Unless you're on LSD or magic mushrooms, music can be tough to see. Enter the video jockey, who can provide a party's optical soul.
Before MTV coined the term for presenters that introduce music videos and read from cues, the early 1980s saw the development of veejaying, whose practitioners synchronized live video clips and film loop projections to the DJs' music.
Fast-forward three decades and although the tools of the trade have advanced light years, at many a party the VJ, if there is one at all, remains an afterthought.
PHOTO: COURTESY OF DANIEL M.
"VJs are only as important as the canvas they are provided with," Dominik Tyliszczak, Luxy VJ Dr DMT said. "Hire a VJ for a party and give him or her a small screen with a low light projector and what they do will be crappy."
Dr DMT's favorite gig was Monster Massive, where he had three huge screens to work with. "Like it or not, sound is really our second sensory input, for most people. It's our eyes that primarily guide the average person," he said. "So at a party where music is the focus, and only music, you are denying the audience something very significant."
Even if DJs wanted to play original music at every gig, it's difficult for them to do so. VJs have the edge in this regard and are able to project something into the crowd that music alone cannot do.
Daniel M, aka Freeformone, is an Australian VJ working at Ageha, Taipei. "Experienced VJs are sparse, so there seems no need for competition," he said. "There are four to five gigs a weekend in Taipei. How many have VJs?"
For the most part very few. Although some clubs slum it with stock libraries available for free on the Internet, with so many parties surely the goal should be originality.
"You are expected to come up with your unique ideas," says Dr DMT. "For [the] most part playing other people's stuff is totally looked down upon, as opposed to deejaying. Allow the artist/VJ to create the setup of the screens and you can get art."
So is veejaying really art?
Members of "the VJ community considers themselves 'artists,'" says Dr DMT.
"Think 'electronic artist,'" says Freeformone. "Visual artists have often been mistaken for VJs, the term "visualist" is more accurate to my personal ego."
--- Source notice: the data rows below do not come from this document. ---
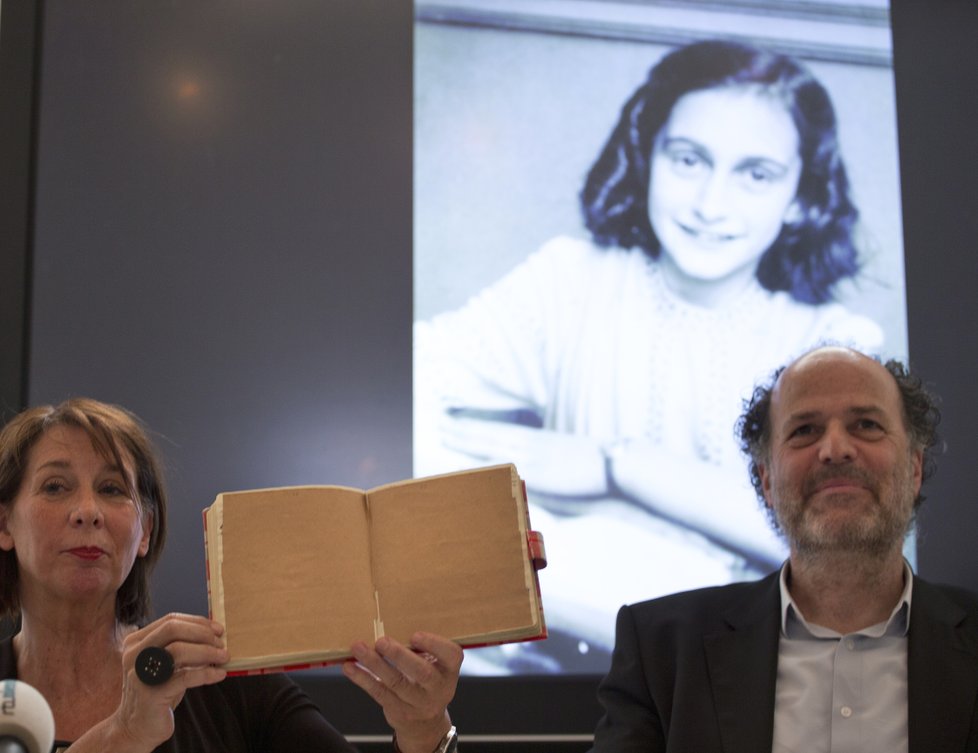 Experti rozluštili dvě zakryté stránky deníku Anne Frankové. Výsledky představil ředitel Domu Anne Frankové Ronald Leopold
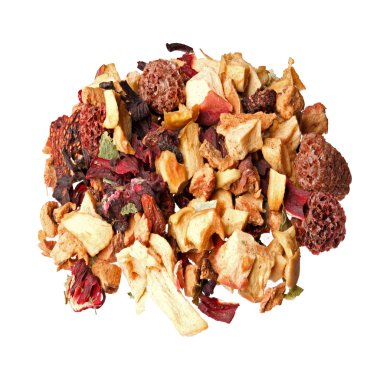 Kuru Meyve ve yaprakları, üzerinde beyaz izole ile aromatik yeşil çay.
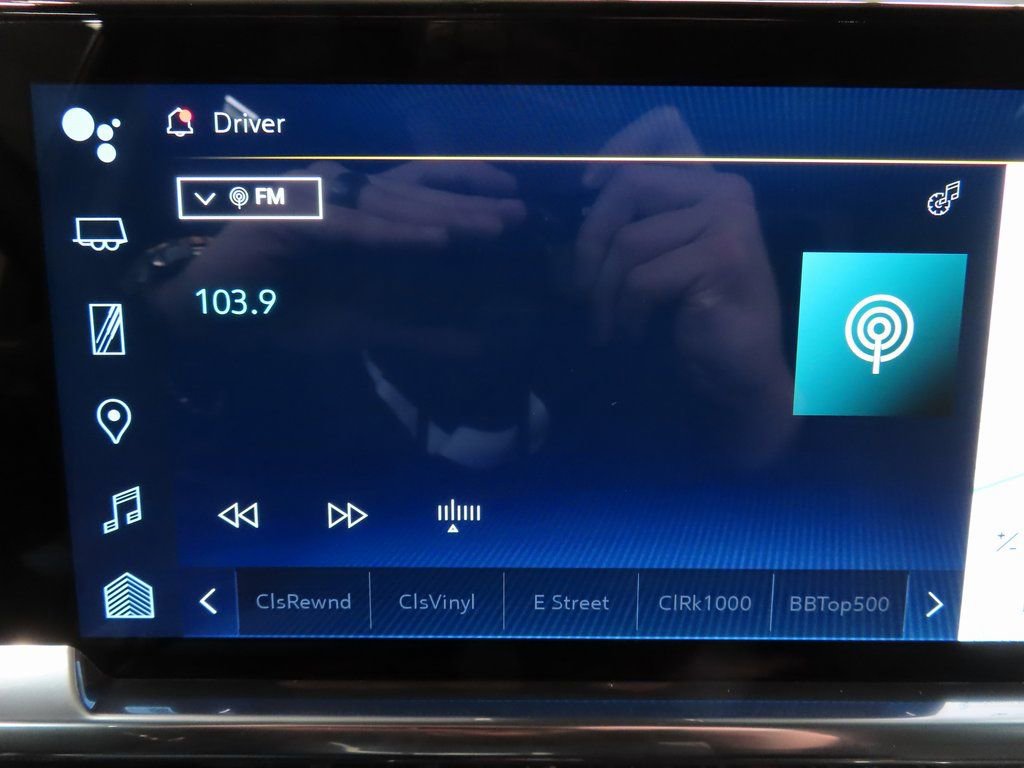 Used 2025 Chevrolet Silverado 2500 LT image 25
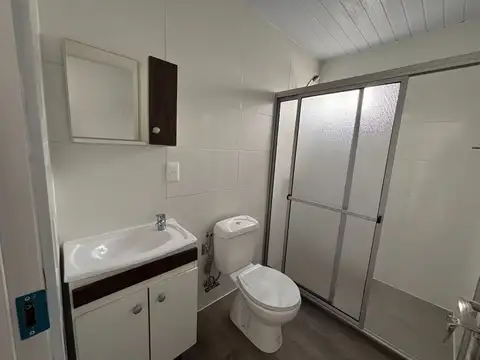 Casa en Alquiler con 1 cochera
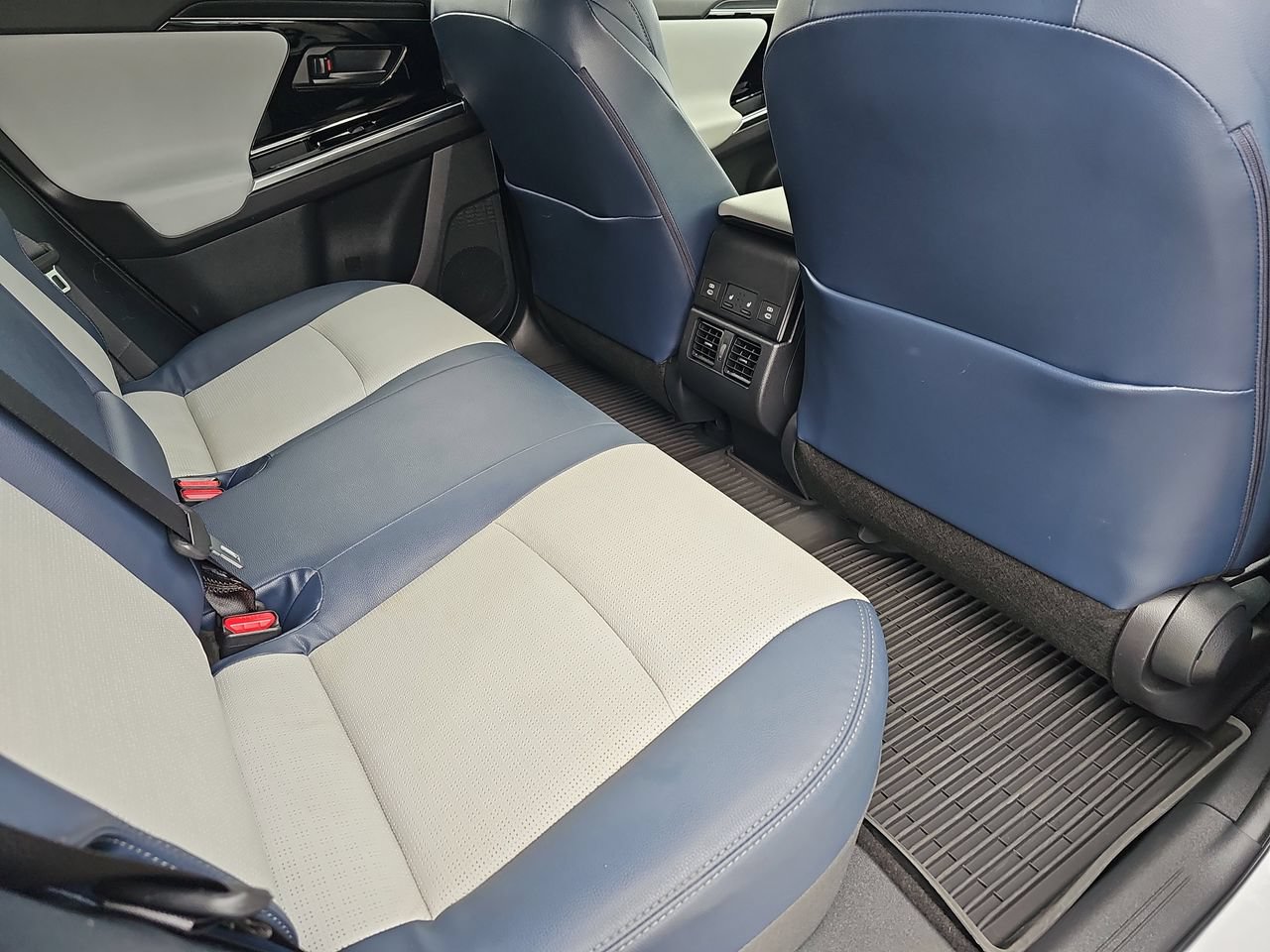 Certified 2023 Subaru Solterra AWD image 14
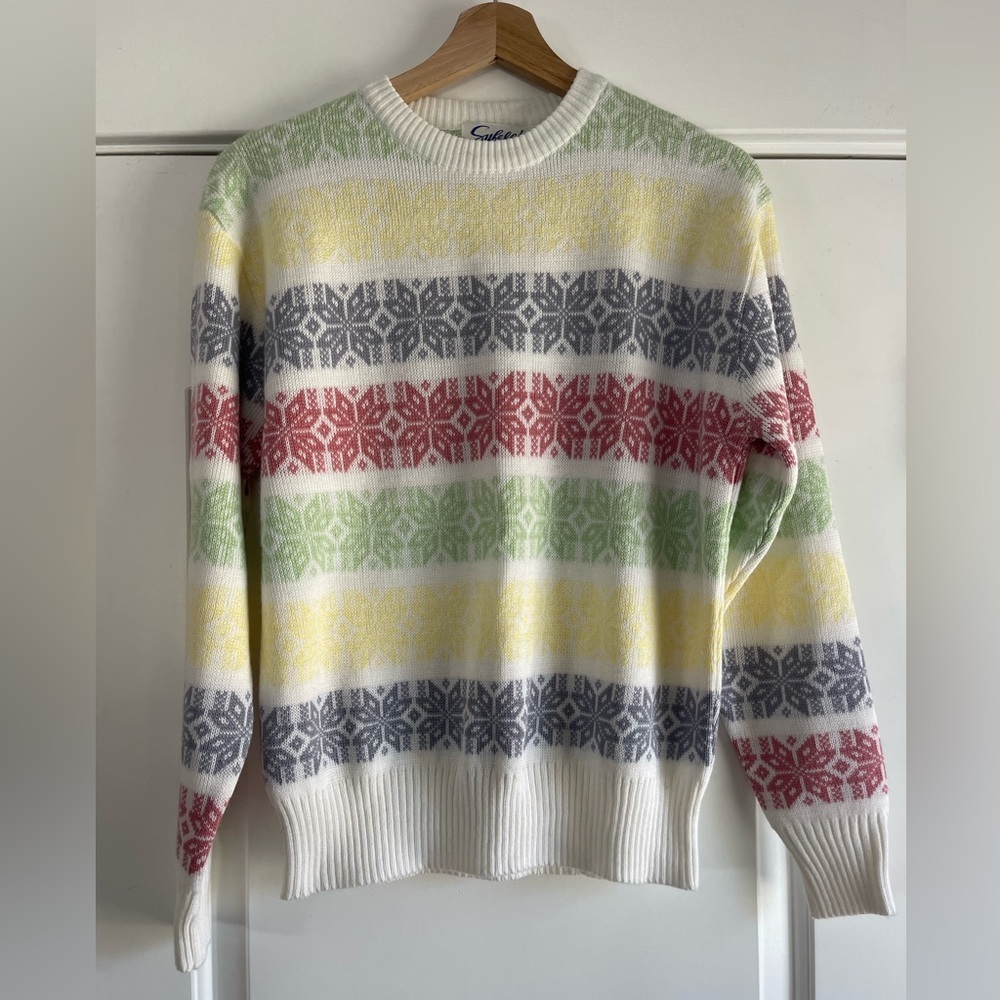NWOT Vintage Fair Isle Snowflake Multicolored Sweater - L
Getting to make that art can be expensive and time consuming. With no standardization of equipment, "veejaying" has never been as simple as carrying a couple dozen DVDs to a gig. "It used to be several boxes of electronics and specialized gear," says Freeformone.
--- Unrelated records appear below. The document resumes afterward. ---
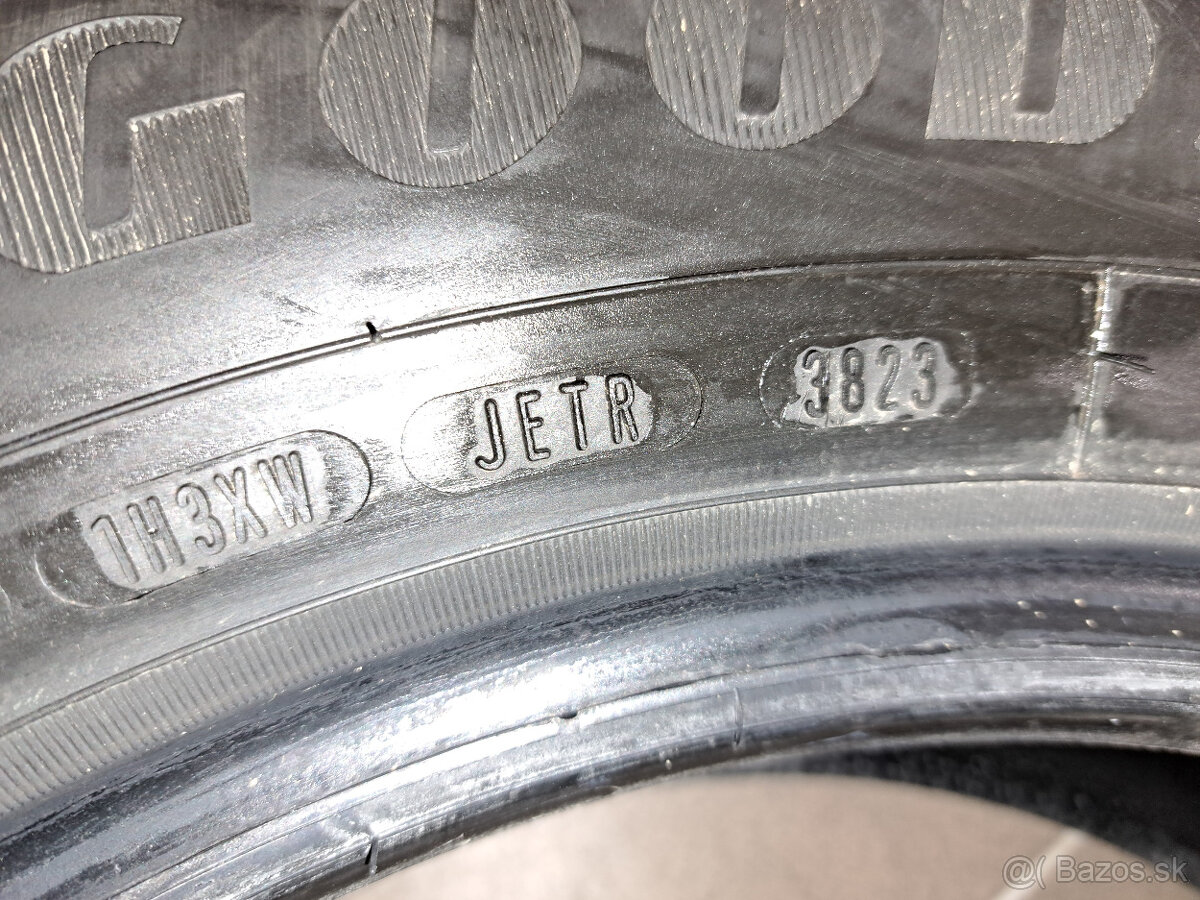 Predám pneu Goodyear EFFICIENTGRIP PERFORMANCE 205/60 R16 - 6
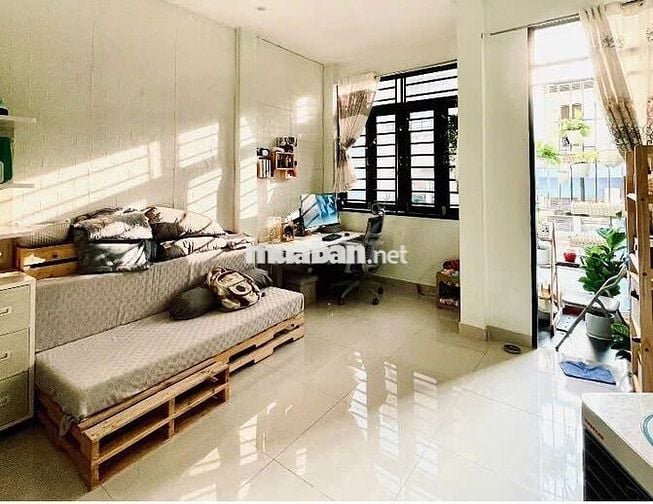 Share phòng trong nhà nguyên căn có ban công và cửa sổ lớn 899337486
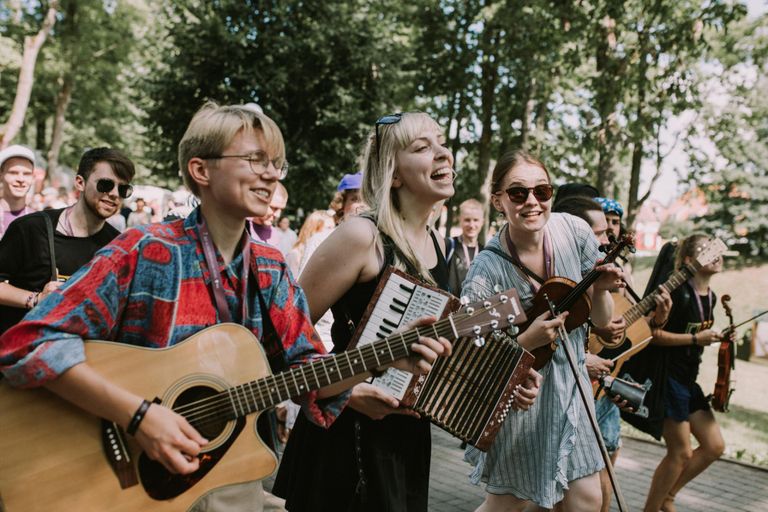 Viljandi pärimusmuusikafestival paneb folgisõbrad rõõmust rõkkama.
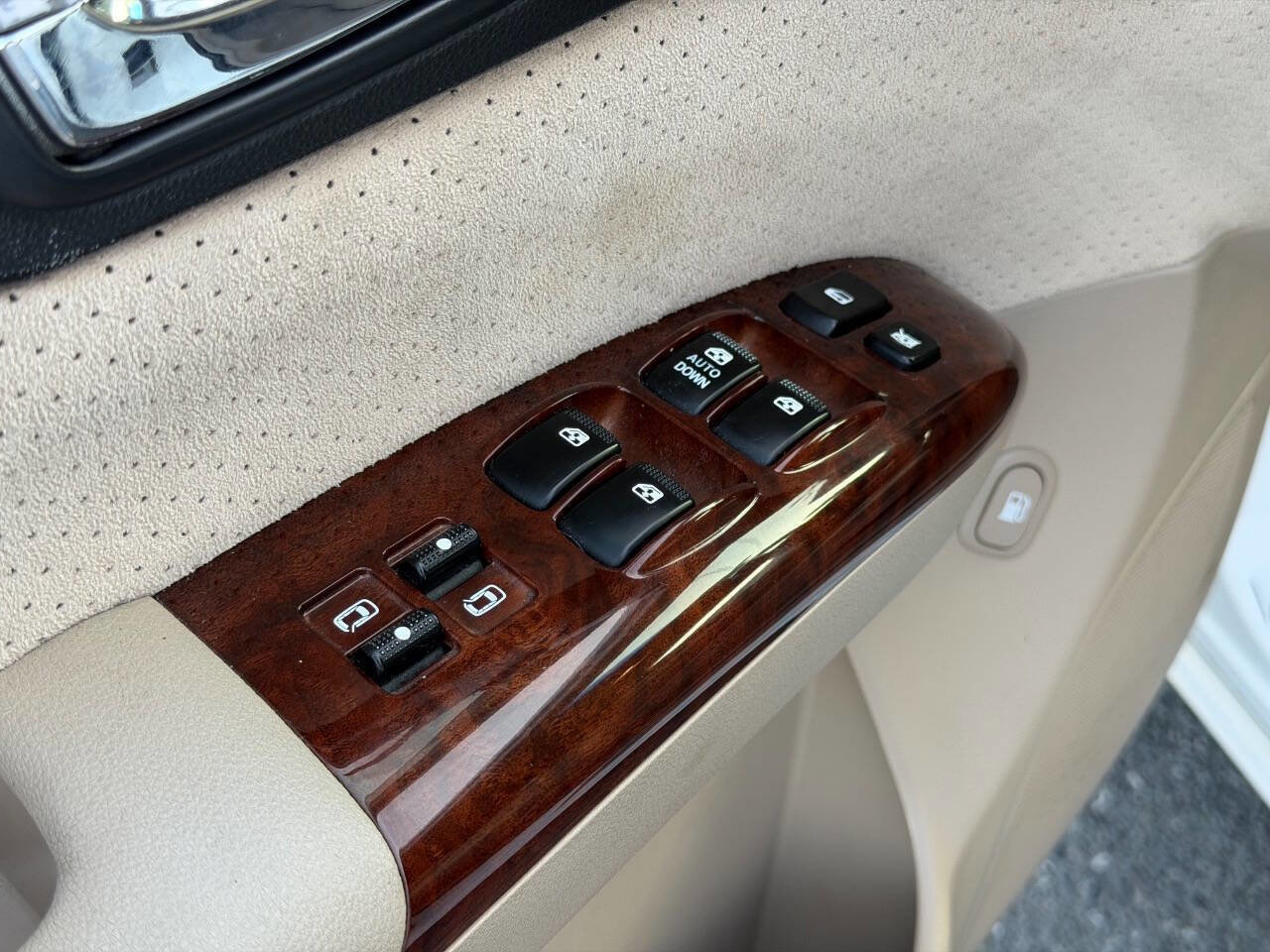 Used 2007 Hyundai Entourage GLS image 30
Dr DMT agrees and believes this may be one reason why there aren't many VJs.
"Two hundred thousand NT for the equipment you brought to the wet, hot, electronics unfriendly environment and you start to think about getting that job at the Sunshine Gas Station on Jianguo," he said.
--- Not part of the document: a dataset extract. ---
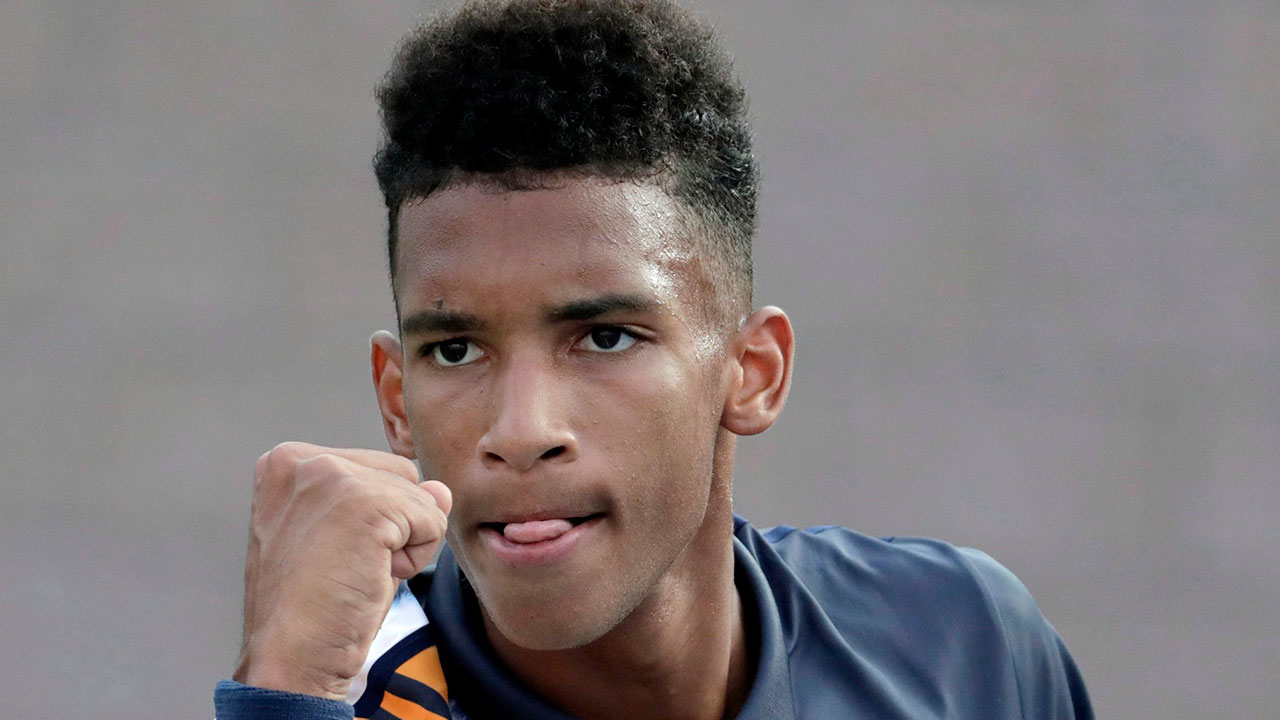 felix-auger-aliassime-celebrates-winning-a-point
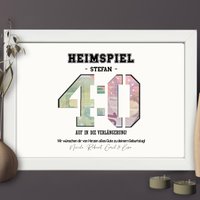Geburtstagsgeschenk Fußballfan | Geldgeschenk Personalisiert Zum Geburtstag Geld Im Bilderrahmen Heimspiel Geschenkidee Für Sportfans Geburtstagsgeschenk Fußballfan | Geldgeschenk Personalisiert Zum Geburtstag Geld Im Bilderrahmen Heimspiel Geschenkidee Für Sportfans von FancyCraftHacks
"I guess it has something to do with critical mass of intelligence and electronics," says Freeformone.
Veejaying is most popular in Japan. Given Taiwan's proximity, why are there so few VJs here?
"VJs got little if no recognition on party fliers and could not build up a reputation," Dr DMT said. "Lack of recognition meant few jobs and very few new people bringing in the necessary exchange of ideas pushing each other creatively."
Another point, says Dr DMT, is that "VJs are grossly underpaid.